Improvement in Reproductive Health in Central Asia: How Much and for Whom?

Prof. Cynthia Buckley giving her New Directions lecture

Dr. Cynthia Buckley giving her New Directions lecture

Dr. Cynthia Buckley delivered the REEEC New Directions lecture on the evening of January 30 entitled “Improvement in Reproductive Health in Central Asia: How Much and for Whom?” In framing the discussion, Dr. Buckley spoke of the need for partnering qualitative area studies knowledge with quantitative analysis in order to produce an accurate picture of the situation in question. Using both qualitative and quantitative methods, Dr. Buckley’s initiative explores and analyzes reproductive health environments in  Central Asia in addition to conducting a cross-case comparison of individual Central Asian states. Integral to the question of reproductive health is whether Central Asia as a whole has seen a positive change in women’s reproductive rights or, through coercion and exploitation, are those rights still infringed upon?

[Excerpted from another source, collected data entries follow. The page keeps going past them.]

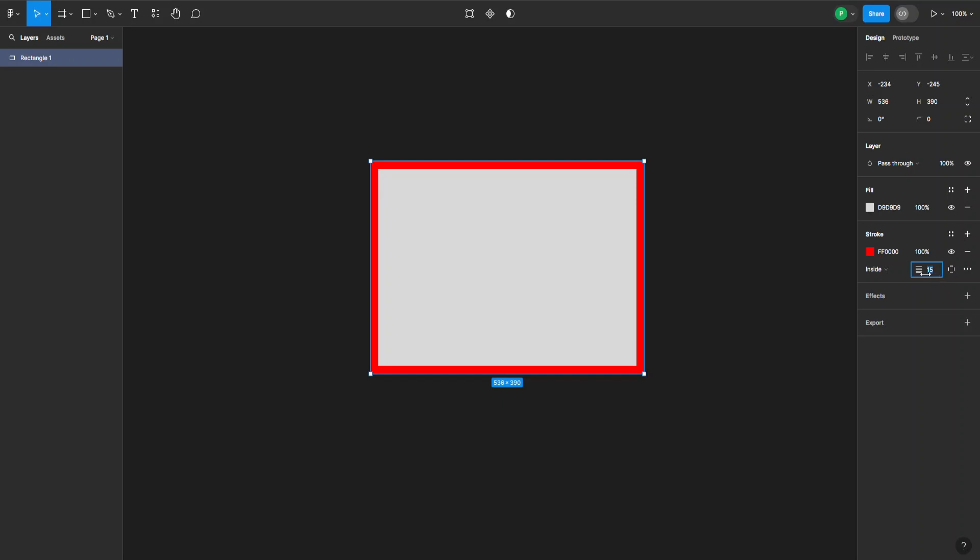But as you can see, the border got thicker on the inside. So what if I want to create the border on the outside? The way we do this is from here where it says inside, I just click on this dropdown.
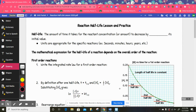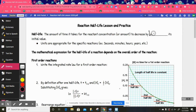We're going to take our understanding of reaction kinetics one step further and be able to define what half-life is, and do calculations with half-life equations or formulas for each of the reaction orders. Half-life is defined as the amount of time it takes for the reactant concentration or amount to decrease by half of its original amount or its initial value.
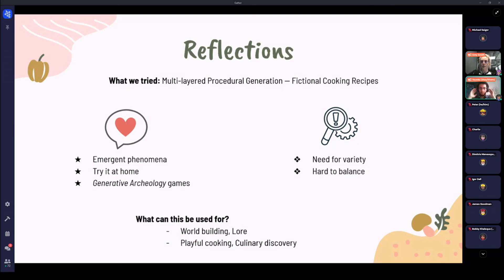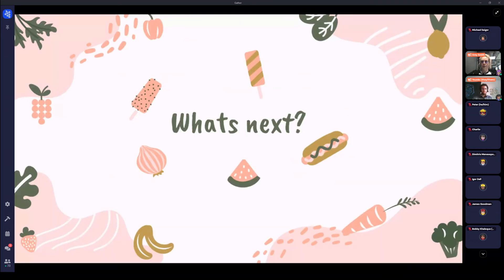For the limitations of this project: because it was built in just one week, there is a huge need for more variety in templates and generator content. For example, you very easily end up with a lot of jungle soups, and it's hard to balance because with a multi-layered system you don't always know which parameter to tweak — you might need to raise the ocean level so there's less jungle, and therefore fewer jungle soups. We also believe this project could be very useful for people working in world-building who want help building the lore of their universes. The system could also be used to practice playful cooking, help people cook in a playful manner, and possibly lead to new culinary discoveries — maybe even getting Nageida's soup into an actual cookbook someday.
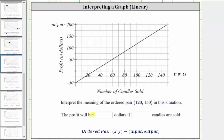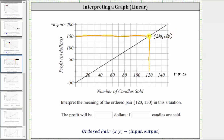Let's begin by locating the point represented by the ordered pair 120 comma 150. To do this, we first locate 120 on the horizontal axis, and then we go straight up to the graph. This is the point on the graph where the input is 120. To find the corresponding output, we go straight to the vertical axis moving to the left. Notice how the corresponding output is 150. This is the point represented by the ordered pair 120 comma 150, where the 120 represents the number of candles sold and the 150 represents the profit in dollars.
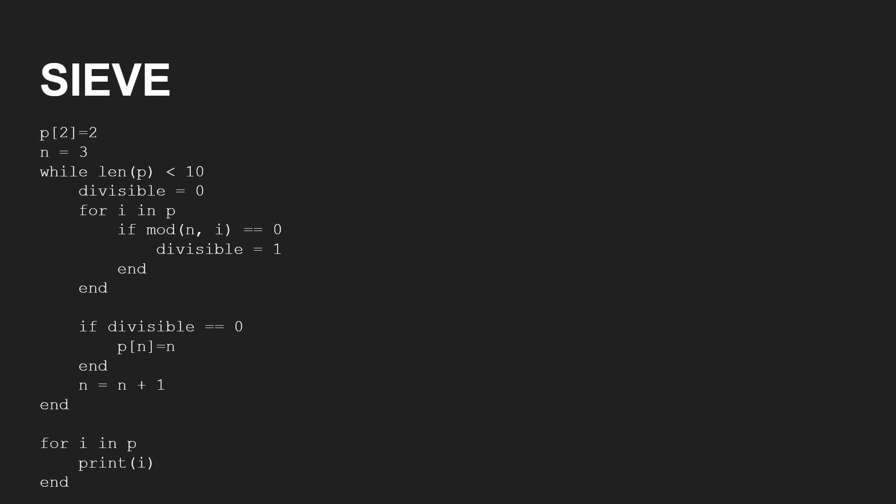Now, one good example of how you could use associative arrays is using the sieve method to find prime numbers. The idea being that every prime number you find is actually a factor of every other composite number. So therefore, if you already know the prime numbers up until a particular point, you can test them against those.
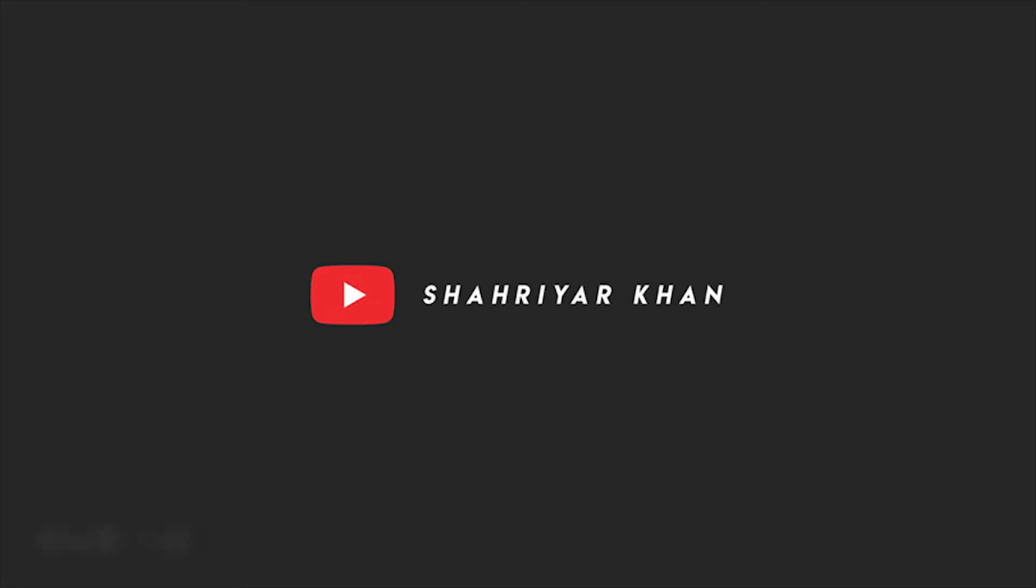Assalamu alaikum everyone, I am Sherry R and welcome back to my Photoshop tutorial. In this tutorial I will show you how to create a matte effect in Adobe Photoshop.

Though varied throughout Central Asia, generally there is a substantial deficit in reproductive health knowledge. Combined with social and financial impediments to access and implementation, Central Asia is now the only region in the world where documented cases of HIV/AIDS are increasing. Dr. Buckley highlighted how this fact, in company with a host of other problems, runs contrary to the 1994 International Conference on Population and Development, held in Cairo, which among other things, recognized women’s reproductive health as a fundamental human right and, for the first time, also included women in the discussion.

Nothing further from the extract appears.